=== Begin Enclosure ===

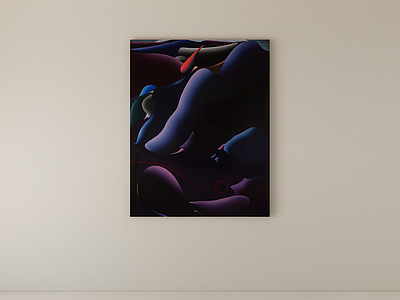 现代挂画 装饰画 挂画
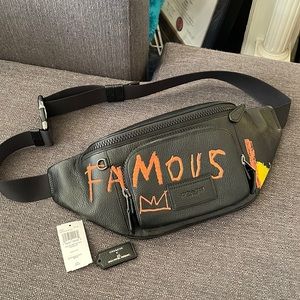 COACH x JEAN MICHEL BASQUIAT BELT BAG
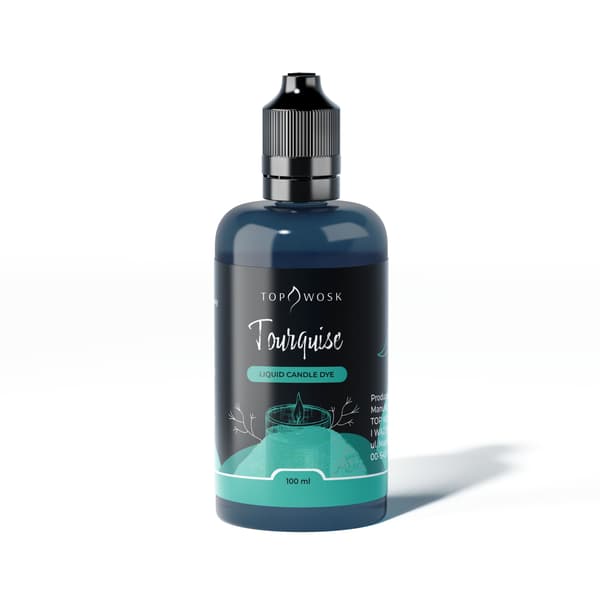 Tourquise flydende lysfarve 100 ml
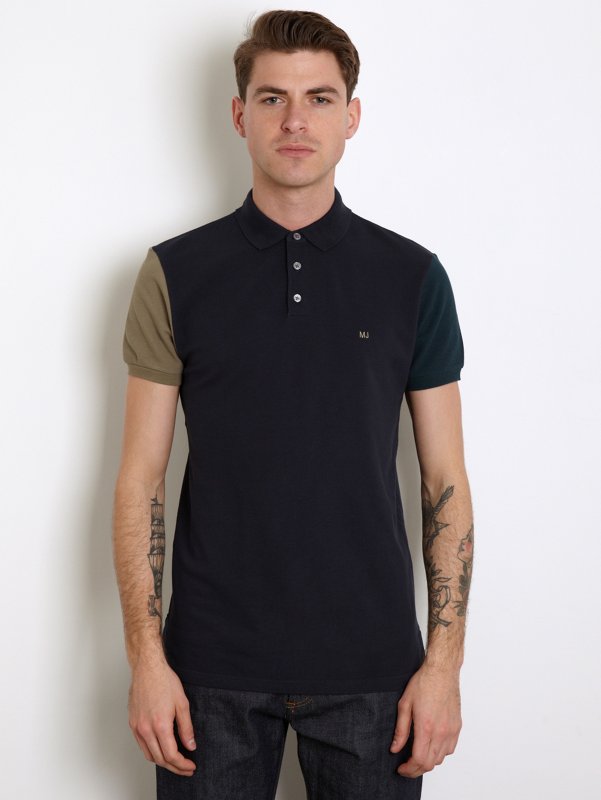 Marc By Marc Jacobs Men's Colour Block Polo Shirt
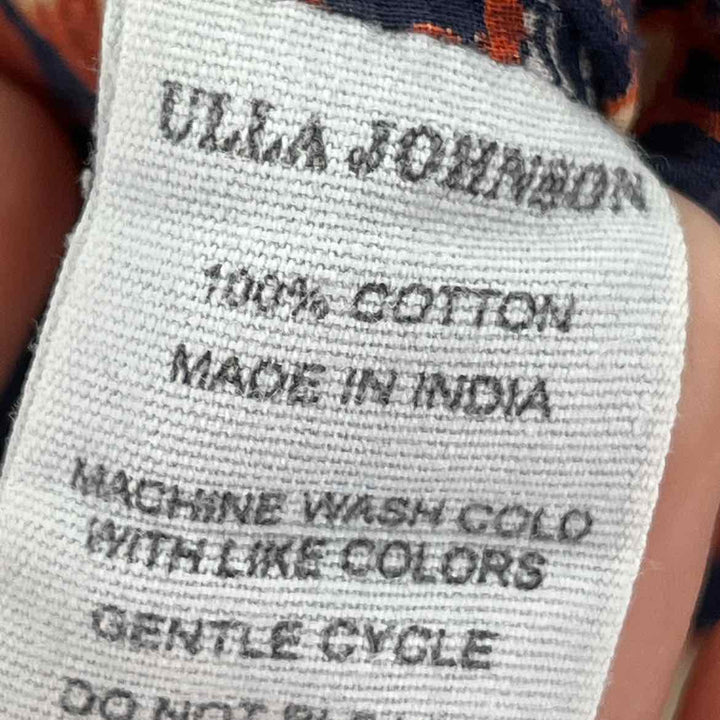 Size S Ulla Johnson Blue Dress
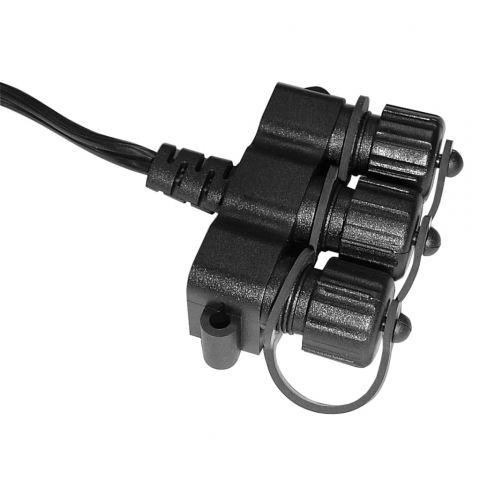 Garden Lights Répartiteur de câble SPT-2W 15 cm
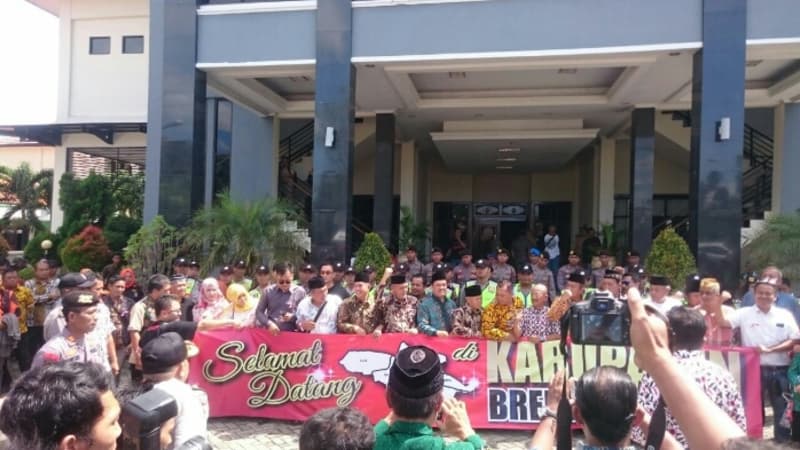 DPRD Brebes Menyetujui Pemekaran Brebes Selatan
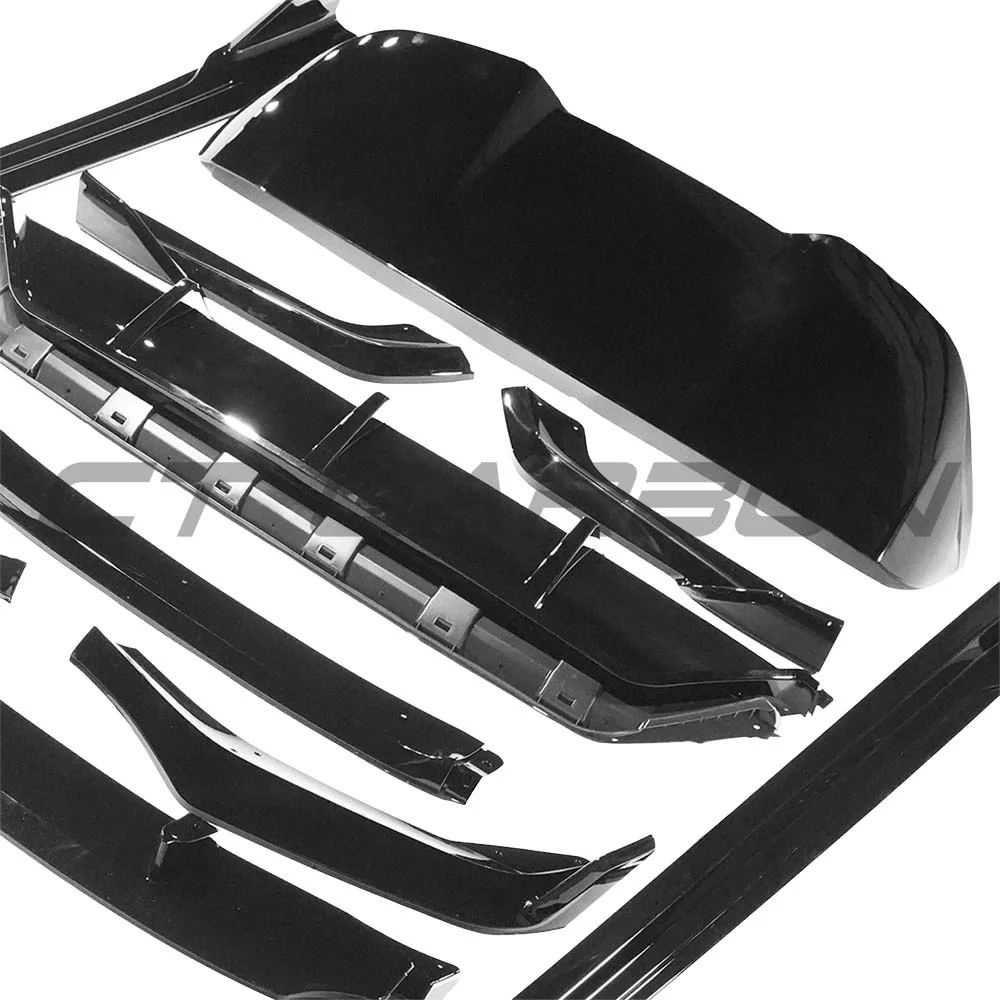 BMW F15 X5 2014-2018 FULL GLOSS BLACK KIT - V3 - Image 22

=== End Enclosure ===

### What to produce
Having located the line with "Garden Lights Répartiteur", copy it exactly along with every later line through the end of the listing above, but omit the pictures.

### Result of the task
 Garden Lights Répartiteur de câble SPT-2W 15 cm
 DPRD Brebes Menyetujui Pemekaran Brebes Selatan
 BMW F15 X5 2014-2018 FULL GLOSS BLACK KIT - V3 - Image 22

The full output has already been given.